His wife doesn’t seem to notice, but his captain, who has been down this road before, calls him on it. "Trouble between you and the Pole?” he asks. Trouble indeed.
Fans of The Martian Chronicles, Something Wicked This Way Comes, The Illustrated Man and other Bradbury novels, will not be disappointed in Truffaut’s adaptation - his first in color, and only English-language film. With any luck, the plot’s twists and turns will catch you by surprise and reinforce your love and appreciation of books.
Back in 2007, there was word of a possible remake, and the players were intriguing. Frank Darabont, director of the superbly drawn screen versions of Stephen King's Shawshank Redemption and The Green Mile, was doing his best to find funding for the project; fanning the flames with talk of casting Tom Hanks as the wayward fireman. But by 2008, Hanks had dropped out, and plans for a remake were put on hold.
I like Tom Hanks – honest I do, but in my mind, he’s a bit too all-American for the role. I would rather the film retain its international flavor, casting relatively unknowns in the leading roles and taking place somewhere outside the United States. But as of now, it’s not going anywhere, and to tell you the truth, I’m not sure that it should.

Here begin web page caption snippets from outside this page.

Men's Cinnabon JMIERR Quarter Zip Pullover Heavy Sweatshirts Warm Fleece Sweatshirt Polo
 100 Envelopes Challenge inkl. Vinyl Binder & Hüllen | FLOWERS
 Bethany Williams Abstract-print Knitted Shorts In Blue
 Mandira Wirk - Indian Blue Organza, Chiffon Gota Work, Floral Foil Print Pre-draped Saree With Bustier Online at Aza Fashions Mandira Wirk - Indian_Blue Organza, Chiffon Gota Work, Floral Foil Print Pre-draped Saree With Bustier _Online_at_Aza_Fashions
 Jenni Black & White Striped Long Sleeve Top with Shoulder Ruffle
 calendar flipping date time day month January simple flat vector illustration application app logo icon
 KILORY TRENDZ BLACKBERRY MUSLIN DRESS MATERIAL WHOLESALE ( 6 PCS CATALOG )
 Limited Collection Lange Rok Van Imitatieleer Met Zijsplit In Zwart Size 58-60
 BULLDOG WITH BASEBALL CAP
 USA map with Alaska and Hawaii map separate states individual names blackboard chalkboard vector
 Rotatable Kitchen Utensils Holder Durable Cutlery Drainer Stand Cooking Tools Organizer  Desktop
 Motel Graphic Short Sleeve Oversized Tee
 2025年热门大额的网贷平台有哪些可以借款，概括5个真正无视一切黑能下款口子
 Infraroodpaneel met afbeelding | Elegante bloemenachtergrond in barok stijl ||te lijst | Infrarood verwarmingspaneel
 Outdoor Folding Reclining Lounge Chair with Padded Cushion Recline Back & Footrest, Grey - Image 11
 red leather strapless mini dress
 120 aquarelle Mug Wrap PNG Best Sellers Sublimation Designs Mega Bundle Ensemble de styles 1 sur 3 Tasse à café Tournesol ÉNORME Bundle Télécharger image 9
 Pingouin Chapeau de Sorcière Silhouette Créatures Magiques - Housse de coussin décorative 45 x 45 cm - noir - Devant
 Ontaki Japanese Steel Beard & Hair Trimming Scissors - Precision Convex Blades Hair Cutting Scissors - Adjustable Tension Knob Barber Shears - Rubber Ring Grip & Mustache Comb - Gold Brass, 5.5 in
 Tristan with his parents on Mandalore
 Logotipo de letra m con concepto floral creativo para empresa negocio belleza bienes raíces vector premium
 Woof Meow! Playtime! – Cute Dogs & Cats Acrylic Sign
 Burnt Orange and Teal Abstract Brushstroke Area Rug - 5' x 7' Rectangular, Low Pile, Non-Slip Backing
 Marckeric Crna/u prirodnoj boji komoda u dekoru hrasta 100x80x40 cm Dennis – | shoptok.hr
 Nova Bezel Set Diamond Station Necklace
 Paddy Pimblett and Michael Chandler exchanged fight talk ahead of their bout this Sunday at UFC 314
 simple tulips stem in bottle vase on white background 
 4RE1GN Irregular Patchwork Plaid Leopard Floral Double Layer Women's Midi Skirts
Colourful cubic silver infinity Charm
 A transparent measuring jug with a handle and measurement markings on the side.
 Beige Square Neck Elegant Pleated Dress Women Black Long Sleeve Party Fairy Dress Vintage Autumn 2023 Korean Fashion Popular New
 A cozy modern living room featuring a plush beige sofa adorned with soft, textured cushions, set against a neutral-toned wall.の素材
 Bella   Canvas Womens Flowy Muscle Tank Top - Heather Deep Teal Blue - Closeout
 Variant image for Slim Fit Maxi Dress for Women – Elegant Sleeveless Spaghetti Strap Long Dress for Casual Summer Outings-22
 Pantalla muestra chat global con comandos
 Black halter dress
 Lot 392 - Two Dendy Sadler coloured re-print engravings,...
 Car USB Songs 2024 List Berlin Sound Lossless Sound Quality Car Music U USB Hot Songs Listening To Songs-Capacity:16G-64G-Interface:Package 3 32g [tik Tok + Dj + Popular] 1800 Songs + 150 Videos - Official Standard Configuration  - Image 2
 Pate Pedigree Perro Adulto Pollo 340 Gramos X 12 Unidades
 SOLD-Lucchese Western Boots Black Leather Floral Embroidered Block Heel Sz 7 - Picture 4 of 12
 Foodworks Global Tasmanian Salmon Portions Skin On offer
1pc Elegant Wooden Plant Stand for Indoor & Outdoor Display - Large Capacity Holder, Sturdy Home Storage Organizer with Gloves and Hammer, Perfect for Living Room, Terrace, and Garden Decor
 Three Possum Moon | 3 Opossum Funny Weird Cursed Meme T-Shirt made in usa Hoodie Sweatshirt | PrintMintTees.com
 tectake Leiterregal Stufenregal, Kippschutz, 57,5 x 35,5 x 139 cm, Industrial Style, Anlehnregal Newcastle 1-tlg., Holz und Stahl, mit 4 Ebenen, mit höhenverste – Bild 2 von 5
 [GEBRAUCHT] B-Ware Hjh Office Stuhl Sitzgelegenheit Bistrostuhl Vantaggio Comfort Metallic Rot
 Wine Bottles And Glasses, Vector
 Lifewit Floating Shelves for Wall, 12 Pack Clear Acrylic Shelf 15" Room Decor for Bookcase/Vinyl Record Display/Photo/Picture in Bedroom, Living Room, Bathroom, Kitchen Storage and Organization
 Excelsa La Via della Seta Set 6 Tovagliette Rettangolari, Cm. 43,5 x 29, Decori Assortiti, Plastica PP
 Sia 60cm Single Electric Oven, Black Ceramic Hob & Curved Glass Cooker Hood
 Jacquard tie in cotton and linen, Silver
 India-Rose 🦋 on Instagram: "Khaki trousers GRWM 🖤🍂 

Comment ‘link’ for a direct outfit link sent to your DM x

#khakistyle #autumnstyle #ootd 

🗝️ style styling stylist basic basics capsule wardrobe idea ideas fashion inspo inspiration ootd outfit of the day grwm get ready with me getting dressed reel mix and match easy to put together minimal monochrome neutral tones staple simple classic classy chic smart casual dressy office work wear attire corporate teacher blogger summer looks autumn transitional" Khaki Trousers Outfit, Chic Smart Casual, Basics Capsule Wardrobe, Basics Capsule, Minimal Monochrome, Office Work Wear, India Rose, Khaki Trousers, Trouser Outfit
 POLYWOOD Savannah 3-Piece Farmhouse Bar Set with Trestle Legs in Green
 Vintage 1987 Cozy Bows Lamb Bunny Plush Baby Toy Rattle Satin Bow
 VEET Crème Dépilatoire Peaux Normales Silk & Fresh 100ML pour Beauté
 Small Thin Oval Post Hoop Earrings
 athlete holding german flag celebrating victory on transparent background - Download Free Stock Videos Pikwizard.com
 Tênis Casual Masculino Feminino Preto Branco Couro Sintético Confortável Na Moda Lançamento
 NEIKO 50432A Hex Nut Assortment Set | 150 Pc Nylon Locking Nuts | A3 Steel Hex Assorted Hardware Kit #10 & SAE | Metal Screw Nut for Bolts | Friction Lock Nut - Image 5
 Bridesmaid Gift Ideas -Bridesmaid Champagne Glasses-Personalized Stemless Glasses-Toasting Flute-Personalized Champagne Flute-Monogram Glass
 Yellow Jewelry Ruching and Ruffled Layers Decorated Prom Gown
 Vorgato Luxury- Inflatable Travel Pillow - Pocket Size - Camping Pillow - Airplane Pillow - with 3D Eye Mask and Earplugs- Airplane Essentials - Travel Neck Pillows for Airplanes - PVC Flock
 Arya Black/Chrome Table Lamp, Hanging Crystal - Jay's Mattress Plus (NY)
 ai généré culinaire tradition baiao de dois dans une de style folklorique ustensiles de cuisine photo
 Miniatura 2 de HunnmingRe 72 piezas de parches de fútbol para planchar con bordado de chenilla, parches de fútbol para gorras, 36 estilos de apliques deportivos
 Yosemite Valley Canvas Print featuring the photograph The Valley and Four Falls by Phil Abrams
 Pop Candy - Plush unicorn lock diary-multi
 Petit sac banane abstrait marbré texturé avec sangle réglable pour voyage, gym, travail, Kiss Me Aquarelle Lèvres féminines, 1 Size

There’s something to be said for creating a classic, and letting it be. I don’t want to see Angelina and Brad in an updated version of Casablanca, or Jack Black trying to fill Jack's Lemmon’s heels in Some Like it Hot. But that’s just me.
Like it or not, Hollywood will likely continue to revisit, revive and remake the industries golden oldies. The latest version of F. Scott Fitzgerald’s The Great Gatsby is scheduled to arrive in theaters just in time for Christmas, with Leonardo DiCaprio in the title role. It won’t be the first time he’s played someone who appears to be something or someone he’s not. And maybe he can pull it off again. Carey Mulligan and Toby McGuire round out the cast.
While I kind of liked Robert Redford's Gatsby, the the 1974 film, with Mia Farrow as Daisy and Sam Waterston as Nick, was generally greeted with lukewarm reviews. Perhaps the 2012 version will fare a bit better. But then again, I wouldn’t make book on it.